The dude was creative as hell. Sure you could tell a song was made by Prince because he has a distinct sound like any musician would but the songs all sounded different. ‘I Wanna Be Your Lover’ sounded nothing like ‘1999’, which sounded nothing like ‘Alphabet Street’, which sounded nothing like ‘Sign of the Times’, I could go on. He had many styles, from deep Funk to R&B to Punk to Rock, although I confess I personally subscribed more to the funkier side of Prince. This creativity meant being brave enough to stray outside of his comfort zone which allowed him dabble in these different genres and also in the world of filmmaking. This gave birth to the academy award winning ‘Purple Rain’ as well as the conversely Raspberry award winning ‘Graffiti Bridge’ and don’t forget ‘Under The Cherry Moon’ which wasn’t for everyone though I loved it. I think time will prove that film to be a cult piece.
This courage was also evident in the manner in which he took on the recording industry during his ‘The Symbol’ and ‘The Artiste formerly known as Prince’ period. He was fearless in his fight, eventually emerging with his freedom from the ‘slavery’ of the music industry. I sincerely hope that in his passing, his music doesn’t fall into exploitation for moolah, very soon providing the backing track to the latest Chicken Tonight advert on TV. My one very slight beef with Prince was his banning of his music from Apple Music, SoundCloud, YouTube, Deezer, etc. Not that I disagreed with his reasons for doing so, it’s his music, it’s just that as a consumer it made it more difficult to conveniently access the music. Fortunately, I happen to own the vast majority of his albums so it was merely a question of ripping CD’s and vinyl from the loft.

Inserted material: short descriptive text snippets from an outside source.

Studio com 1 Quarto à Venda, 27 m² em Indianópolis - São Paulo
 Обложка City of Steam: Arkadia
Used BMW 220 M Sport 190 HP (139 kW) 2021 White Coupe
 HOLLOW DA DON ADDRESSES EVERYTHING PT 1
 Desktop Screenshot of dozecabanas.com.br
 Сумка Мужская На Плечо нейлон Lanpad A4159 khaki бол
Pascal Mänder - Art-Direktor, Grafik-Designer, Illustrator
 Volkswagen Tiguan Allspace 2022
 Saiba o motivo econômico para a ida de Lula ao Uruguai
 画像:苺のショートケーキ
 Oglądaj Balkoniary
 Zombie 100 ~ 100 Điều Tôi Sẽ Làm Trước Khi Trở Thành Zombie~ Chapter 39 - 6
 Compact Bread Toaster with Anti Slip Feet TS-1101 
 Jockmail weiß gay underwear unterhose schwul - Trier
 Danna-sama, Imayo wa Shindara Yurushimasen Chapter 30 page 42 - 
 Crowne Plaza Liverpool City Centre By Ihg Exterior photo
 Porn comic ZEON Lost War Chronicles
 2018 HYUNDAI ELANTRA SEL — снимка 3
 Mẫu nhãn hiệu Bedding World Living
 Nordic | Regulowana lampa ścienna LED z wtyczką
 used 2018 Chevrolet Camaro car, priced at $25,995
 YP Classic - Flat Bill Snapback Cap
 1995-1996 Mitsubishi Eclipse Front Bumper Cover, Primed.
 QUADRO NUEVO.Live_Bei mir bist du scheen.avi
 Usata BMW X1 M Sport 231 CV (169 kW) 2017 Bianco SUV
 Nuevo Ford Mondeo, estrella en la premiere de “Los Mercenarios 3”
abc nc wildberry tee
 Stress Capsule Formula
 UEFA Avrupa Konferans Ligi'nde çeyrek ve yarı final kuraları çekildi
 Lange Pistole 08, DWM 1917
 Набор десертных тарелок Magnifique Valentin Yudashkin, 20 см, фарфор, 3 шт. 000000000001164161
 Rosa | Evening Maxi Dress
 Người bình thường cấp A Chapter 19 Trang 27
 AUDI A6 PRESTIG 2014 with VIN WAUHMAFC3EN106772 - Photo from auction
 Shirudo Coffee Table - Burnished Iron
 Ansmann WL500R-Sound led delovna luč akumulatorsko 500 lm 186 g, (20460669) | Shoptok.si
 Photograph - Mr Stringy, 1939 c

Speaking of beef, I remember the days of the Prince versus Michael Jackson spat, which was actually preceded by the Prince vs Rick James one. Luckily that was in an age where beef didn’t spill past the stage or at worst your plate otherwise we could have lost these guys even sooner. It’s funny that these guys are all gone now and you realise you probably should have just appreciated and enjoyed everyone rather than choose camps to fight for. Camps probably instigated by marking men. But I digress…
Finally, the hype back in the day was that Prince wrote a song a day and had this vault full of fantastic music. Let’s hope it’s true and that there are some gems, particularly from the 80’s that will get released untainted by new technology or flavour of the moment rapper’s 16 bars so we can enjoy some vintage funk from the purple one the way it was intended, uncut.
Rest in peace big man. You were my number one musical inspiration. Creative genius.